Adversarial-benchmark numbers (HarmBench + JailbreakBench)¶

Measured by benchmarks/jailbreak_detection.py --with-model over the public HarmBench (400 behaviours), JailbreakBench (100 harmful + 500 benign incl. an Alpaca sample), and the real published attack artifacts (PAIR, GCG, DSN, random-search; the prompts an independent tester would use). The guard measured is LayeredPromptGuard: the pattern InputSanitizer plus a model stage (ProtectAI deberta-v3-base-prompt-injection-v2, Apache-2.0, enabled with prompt_guard_model_enabled). A prompt is blocked if either fires.

We report every family separately — including the ones we are weak on — so the numbers reproduce under an independent re-run rather than flattering the product.

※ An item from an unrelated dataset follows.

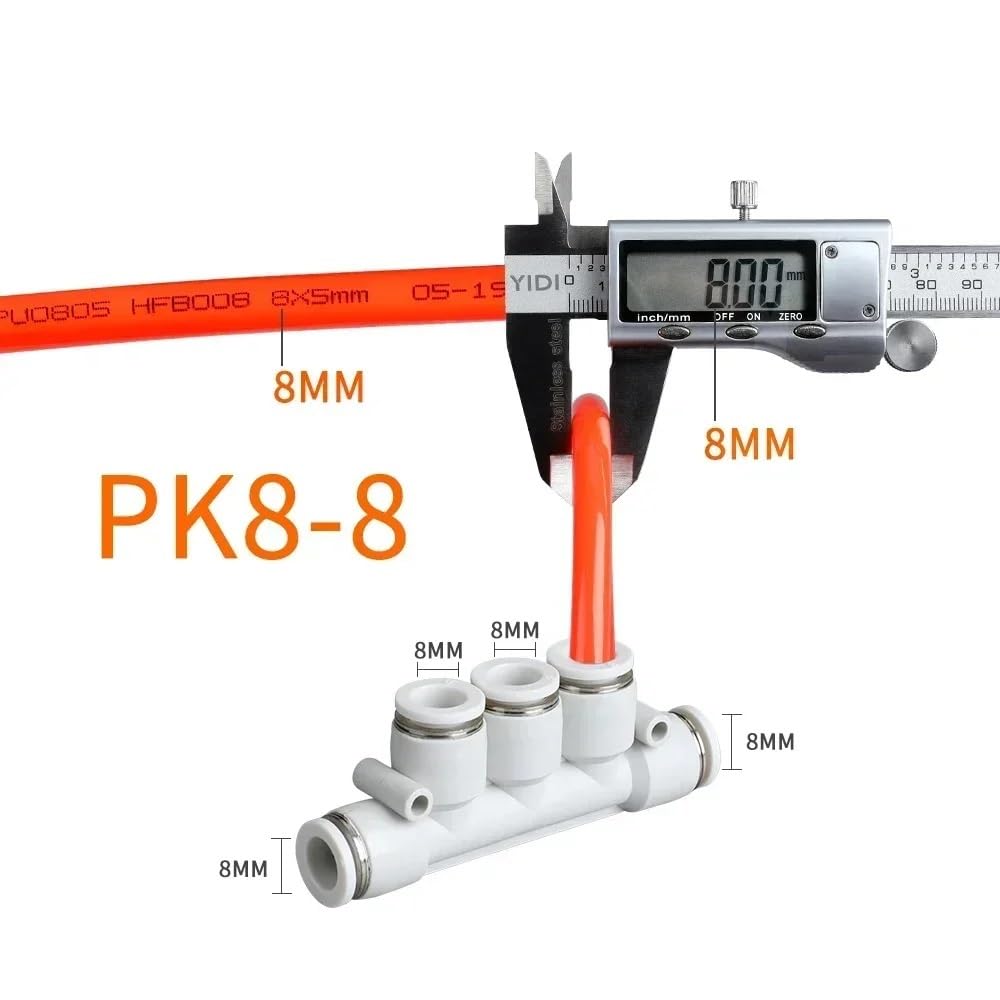 5 szt. PKG PK złącze kolektora szybkozłączka węża powietrza 12 10 8 6 4 rura pneumatyczne złącze wtykowe 4 mm 6 mm 8 mm 10 mm 12 mm (PK10-10)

Attack family	What it is	Detection
Canonical templates	prefix / refusal-suppression / DAN / AIM / base64	100.0% (2500/2500)
Real artifacts (aggregate)	published PAIR/GCG/DSN/random-search prompts	74.9% (286/382)
└ random-search	optimised black-box	100%
└ DSN		89%
└ GCG	gradient-optimised suffix	64%
└ PAIR	LLM-crafted persuasion	40%
Held-out evasion (aggregate)	families never used to tune a pattern	57.2% (1145/2000)
└ many-shot / leetspeak		100% / 87%
└ ROT13 / payload-split	weak spots, disclosed	31% / 11%
Raw harmful goals (baseline)	plain harmful requests — not injections	0.0% (0/500)
Toxicity moderation — raw harmful	detoxify; targets toxic language, not intent	2.0%
False positives — benign	500 benign (JailbreakBench + Alpaca)	0.2% (1/500)

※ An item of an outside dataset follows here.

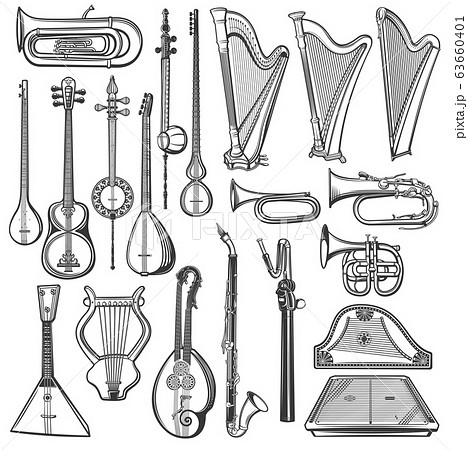 Sketch Musical Instrument In Vintage Style Stock Clipart | Royalty-Free |  FreeImages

Without the model stage the pattern guard alone scores 0% on every real artifact and held-out family — patterns only catch the vocabulary they were written for. The model stage is what makes the guard hold up against attacks it has not seen, at a 0.2% benign false-positive rate. ROT13 and payload-splitting remain weak and are tracked as open work; we publish them rather than rounding the aggregate up.

This stage is optional, off by default, and still being improved. The default classifier is chosen for a near-zero benign false-positive rate: other public models reach higher recall only by flagging 17-58% of legitimate traffic, which is unusable. A higher-recall, low-FPR option (Meta Prompt Guard 2) is gated and non-permissive but configurable as an opt-in. See the prompt-injection guard guide for the model bake-off and roadmap.

Where we're honest about the roadmap¶

We publish what we don't have yet, too: a cloud SaaS offering and long-context moderation beyond the 512-token model window are on the roadmap. Everything in the tables above is in the repository today.